The only thing that changed this was the shelving of these ideas by Elsasser from Harvard and a host of others who did all the founding work post Einstein. You nor anyone else has ever disproven the founding work. But you did supplant this work with failed climate models and claim without offering any proof that the model output is superior to empirical calculation. And the evidence and record shows how badly in error you are. Your refusal to discuss this and marginalize any who dare question it is but an offer of proof your position has lost any scientific merit and has deteriorated to one of political nonsense.
Chuck….please no name calling. All the “founding principles” are found in the radiation codes of modern models. They produce warming, resulting from changes in radiative fluxes, when CO2 is increased. Now climate models have all kinds of problems…which I note all the time (e.g., problems with clouds, poor convection, etc.) but the impact on radiation when CO2 is cranked up is in all of them.

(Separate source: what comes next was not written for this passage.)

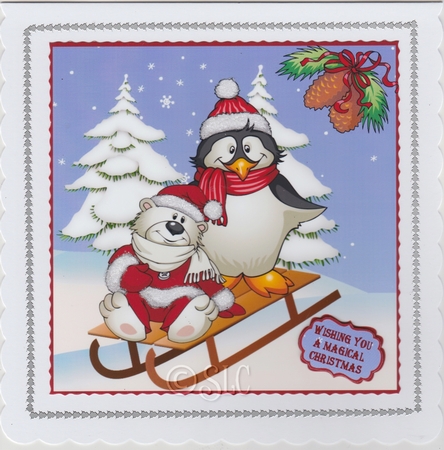Polar pals by Susan Cummings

So you are saying that the radiation codes in modern models are missing something? Any proof of that? What are the problems? And you are entirely wrong that the curricula taught at universities changed regarding CO2 impacts on radiation. ..cliff
Cliff: You’re making things up again. I never called you a name like many warmers call those like myself, ie. “denier”.

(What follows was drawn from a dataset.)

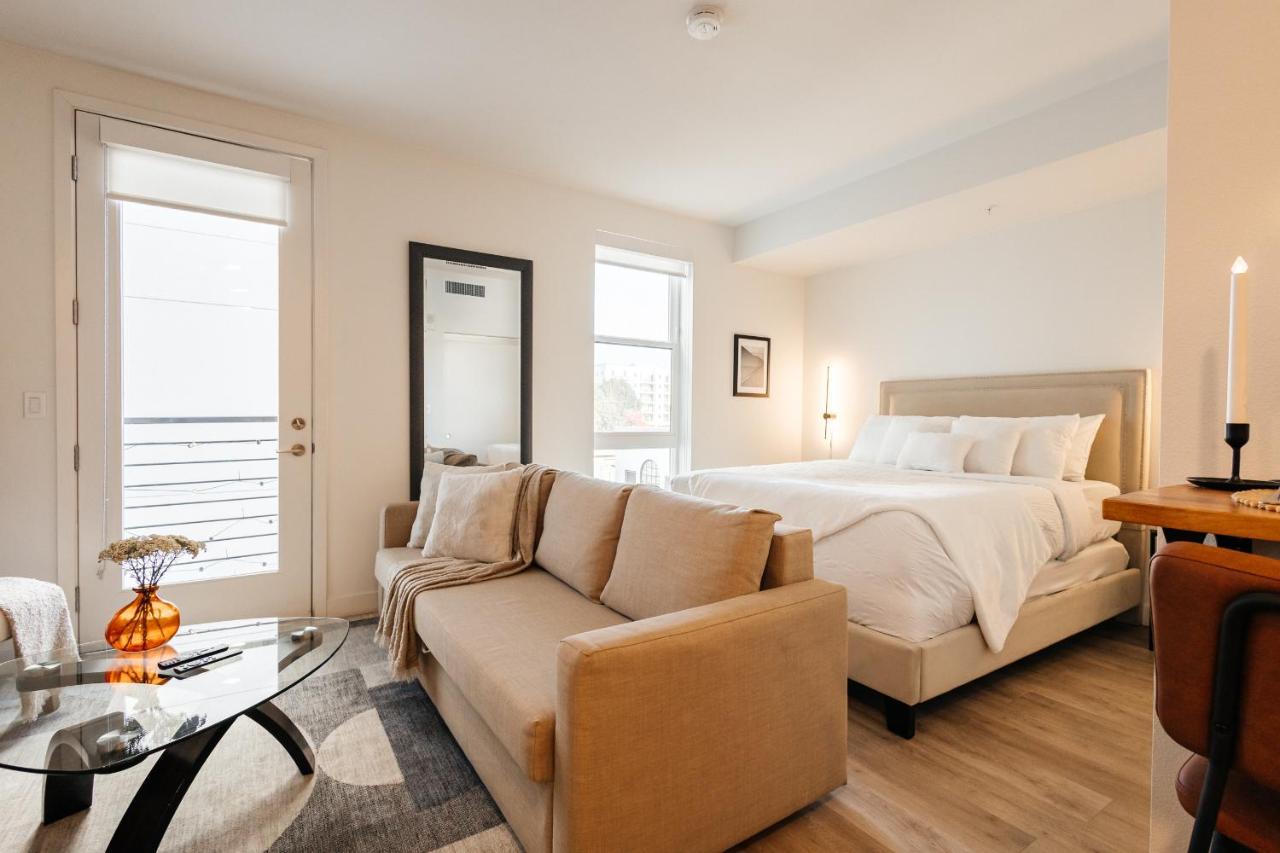 Elegant Apartment In The Heart Of Hollywood 로스앤젤레스 외부 사진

I did state that you have lost a lot of credibility with your post because you are marginalizing the opinions of many credible scientists and meteorologists by stating they are not part of a relevant or serious discussion about the climate. That is a preposterous position and very self serving to attempt to duck having to answer the tough questions through exclusion, which means you are hijacking science to advance your own perceived political “solution” to this “problem” which will and is misleading the political class who want to tax and regulate all forms of energy as their fraudulent Rx. That is also very self serving and attempting to create perpetuity in climate modeling funds paid for by the universities client, the taxpayer, through the political class that somewhat desires the sort of “solution” you are proposing.
Cliff Mass: “So you are saying that the radiation codes in modern models are missing something? Any proof of that? What are the problems?”
Me: You are again engaging in double speak. You just identified some key ones:
” Now climate models have all kinds of problems…which I note all the time (e.g., problems with clouds, poor convection, etc.) ”
Without an adequate ability to calculate convection , the hydrological cycle itself, which means instantaneous cloud fractions both in terms of density and area coverage, how could you and why would you expect that the signal from increasing atmospheric CO2 could really be represented or even found? Without knowing the precise radiative feedbacks from the hydrological cycle which includes cloud fractioning, the results produced by the models are worthless. They are overrated heaps of junk and you, if anyone, should understand this. You should also understand, the very climate models you keep protecting are not closed physical systems that do not need help from the operator. They are tuned “adjusted” continuously and re-initialized to get a curve fitting match to the real temperature trends. That is not a model with any predictive skill. Did you read the latest paper on model error propagation authored by Pat Frank? Here is the reference:
https://www.frontiersin.org/articles/10.3389/feart.2019.00223/full
The founding principles in atmospheric science post Einstein that were derived by those such as Elsasser were very clear and you apparently did not understand what I was telling you. This entire argument goes to water vapor feedbacks. If they are positive, as failed climate modeling predicts, you get a significant warming result. If they are negative, meaning increased water vapor in the hydrological cycle from CO2 radiation is used up in precipitation, increasing cloud fraction, blocking solar insolation, and further radiating temperature induced vaporization from the earths surface released as latent heat out of the troposphere through cloud fractioning IR emission and solar insolation blocking which maintains a stable optical depth.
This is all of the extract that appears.